EKR: August 2011 Archives


August 31, 2011

Today I had occasion to ask Web Security expert Adam Barth about avoiding XSS vulnerabilities. He was kind enough to help me out and (since he's presumably tired of answering this kind of question) also to write up some guidance for the rest of the world. His answer is below:

Folks often ask me how to build web applications without cross-site scripting (XSS) vulnerabilities, but I haven't really been able to find a reference that I'd be happy recommending. There are, of course, many different approaches you can use to build an XSS-free web application. This guide recommends a simplistic approach that works well for "single-document" web applications (like Gmail and Twitter) that use a single HTML document for the lifetime of the application.

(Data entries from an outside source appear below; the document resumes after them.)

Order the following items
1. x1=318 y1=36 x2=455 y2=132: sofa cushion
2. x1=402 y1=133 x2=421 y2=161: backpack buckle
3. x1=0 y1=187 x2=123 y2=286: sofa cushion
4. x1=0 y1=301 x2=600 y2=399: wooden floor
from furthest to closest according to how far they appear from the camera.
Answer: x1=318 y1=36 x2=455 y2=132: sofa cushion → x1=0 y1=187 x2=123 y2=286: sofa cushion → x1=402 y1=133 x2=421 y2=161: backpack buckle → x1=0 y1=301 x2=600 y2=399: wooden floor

Because complexity is the enemy of security, we approach the problem of eliminating XSS by simplifying how we handle untrusted data (by which we mean any information we retrieve from the network or from the DOM):

  1. Untrusted data MUST NOT be transmitted in the same HTTP responses as HTML or JavaScript. In particular, the main HTML document SHOULD be static (and therefore cacheable for a long time).

  2. When transmitted from the server to the client, untrusted data MUST be properly encoded in JSON format and the HTTP response MUST have a Content-Type of application/json.

  3. When introduced into the DOM, untrusted data MUST be introduced using one of the following APIs:
    • Node.textContent
    • document.createTextNode
    • Element.setAttribute (second parameter only)

That's it. If you follow those three rules, you stand a good chance of avoiding XSS. These rules are conservative. You can certainly build a secure web site that violates one or more of these rules. Conversely, these rules don't guarantee success. For example, they don't stop you from doing some dumb things:

// The textContent of a <script> element is active content.
var scriptElement = document.createElement('script');
scriptElement.textContent = userData.firstName;  // XSS!

// Some attributes (mostly event handlers) are active content:
var imageElement = document.createElement('img');
imageElement.setAttribute('onload', userData.lastName);  // XSS!
imageElement.src = 'http://example.com/logo.png';

However, common sense should help you avoid those situations.


August 30, 2011

Mrs. G and I watched Watchmen last night. I don't think this is a film I would have really wanted to see without having read the graphic novel, but it's interesting to see how they've adapted it. Like many of the recent films based on comic book graphic novel "classics" (and indeed director Zack Snyder's previous 300) it is visually and thematically a reasonably faithful adaptation. Mostly, it works less well in this format: elements that in the novel are like woah heavy feel more like heavy-handed when transferred to film. The one big exception here is Rorschach's journal: the same inner dialogue that feels gritty when printed on the page comes off totally differently when turned into a pompous Blade Runner-style voiceover that really hammers home what a complete psycho Rorschach is.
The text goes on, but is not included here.